CD4+ T cells determine the functional status of both innate and adaptive immune responses; thus, the inclusion of appropriate CD4+ T cell epitopes may be essential for vaccine efficacy. Idiotypic immunoglobulin M (IgM) expressed by B-cell lymphoma is a clonal marker and a tumor-specific antigen. Thus, it can be used as an immune target. Specific immunogenic epitopes identified from these tumor antigens can be used as vaccines to activate an immune response against tumors cells (Houot and Levy 2009).
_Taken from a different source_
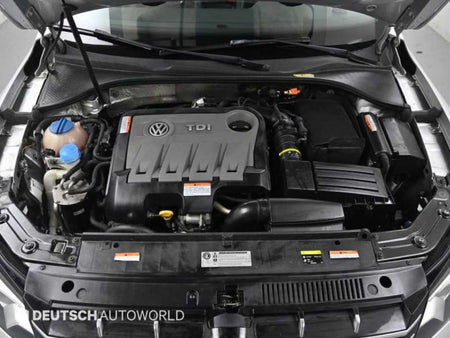 Volkswagen Passat — photo 06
Concerning to lymphoproliferative malignancies, TTFrC (tetanus toxin fragment C) fusion vaccine design was able to activate anti-Id antibody responses and to suppress tumor growth in murine models (King et al. 1998; Thirdborough et al. 2002) as well as was effective in inducing CD8+ CTL in several tumor model et al. 2001).
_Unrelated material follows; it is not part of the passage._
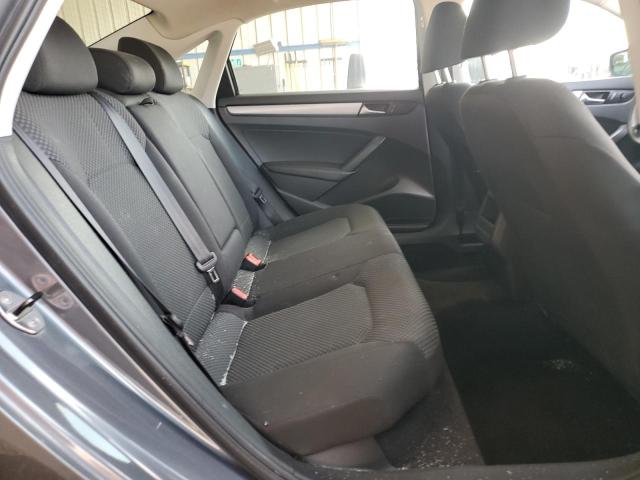 Photo 10 from auction – 2014 VOLKSWAGEN PASSAT S with VIN 1VWAP7A35EC006073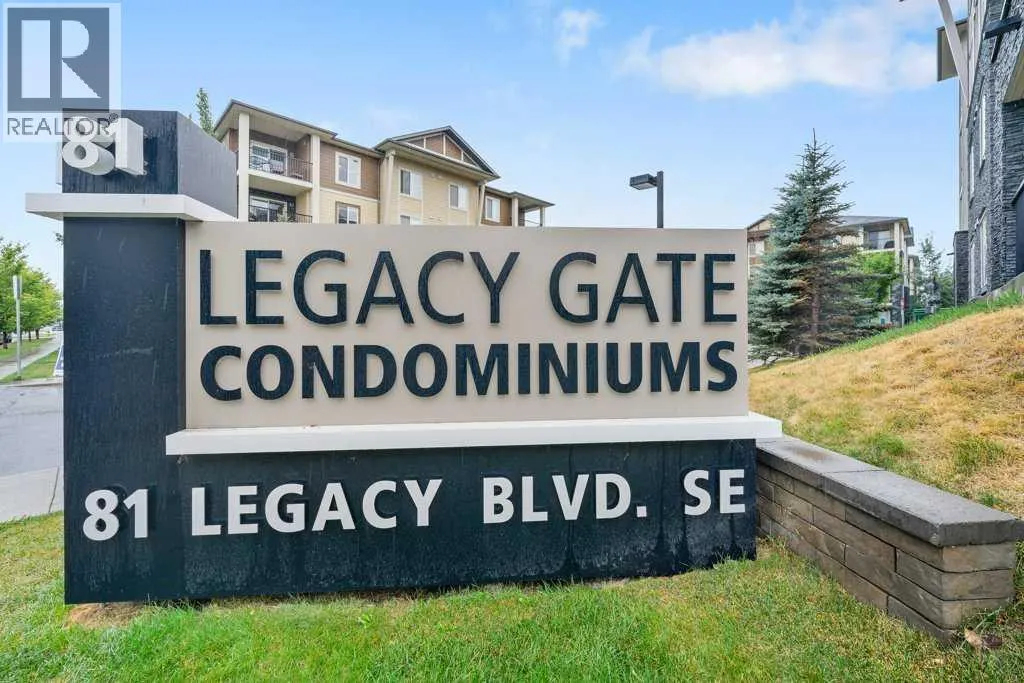 2417, 81 Legacy Boulevard SE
4.3 Immunoinformatics and Systems Biology for Personalized Medicine

The idea to integrate immunoinformatics with Systems Biology approaches is for the better understanding of immune-related diseases at various systems levels. This integration can open the path of several translational studies for better clinical practices. The association between a disease and genetic variations is one of the most important aspects in pharmacogenomics and the development of personalized medicine. Figure 9.2 shows the integration that leads to the development of personalized medicine. The information about allele frequencies of immune molecules in a human population is especially important as different patient subgroups can be identified with different vaccine or drug responses (Yan 2010). For example, a SNP (S427T) in the innate immune gene interferon regulatory factor 3 (IRF3) has been associated with increased risk of human papillomavirus (HPV) persistence and cervical cancer (Wang et al. 2009). Genomic variation databases such as HapMap (http://snp.cshl.org/) and dbSNP (http://www.ncbi.nlm.nih.gov/SNP/) provide information on individual genotype data. The Allele Frequencies Database can be used to search for polymorphic regions of various populations on histocompatibility and immunogenetics (http://www.allelefrequencies.net/). This includes polymorphism information on HLA, cytokines, and killer-cell immunoglobulin-like receptors (KIR). Thus, there is a scope of the development of optimized vaccines and drugs tailored to personalized prevention and treatment through the integration of Systems Biology and immunoinformatics.

Fig. 9.2
figure 2

Shows an integration of immunoinformatics and Systems Biology and how it leads to the development of a personalized medicine (Idea inspired from Yan 2010)

5 Conclusions

High-throughput experimental techniques are combined with immunoinformatics which result in explosive growth of immunology. This is as similar as the event that has transformed genetics into genomics as domain immunoinformatics can help in reducing time and cost for traditional immunology lab practices. This review article contains online immunological databases, tools and web servers, and the application of immunoinformatics.

Immunoinformatics models simulate the real behavior of immune system reactions and kinetics; therefore, these are engineered in a way that it can be interpreted and/or modified. These mathematical models take over the systems’ uncertainty as compared to lab experiments. However, these cannot be directly compared to real biological data and it is a limitation. Immune system modeling capabilities take us toward designing a drug with no side effects. Therefore, integrating Systems Biology with immunoinformatics can lead to better clinical trials.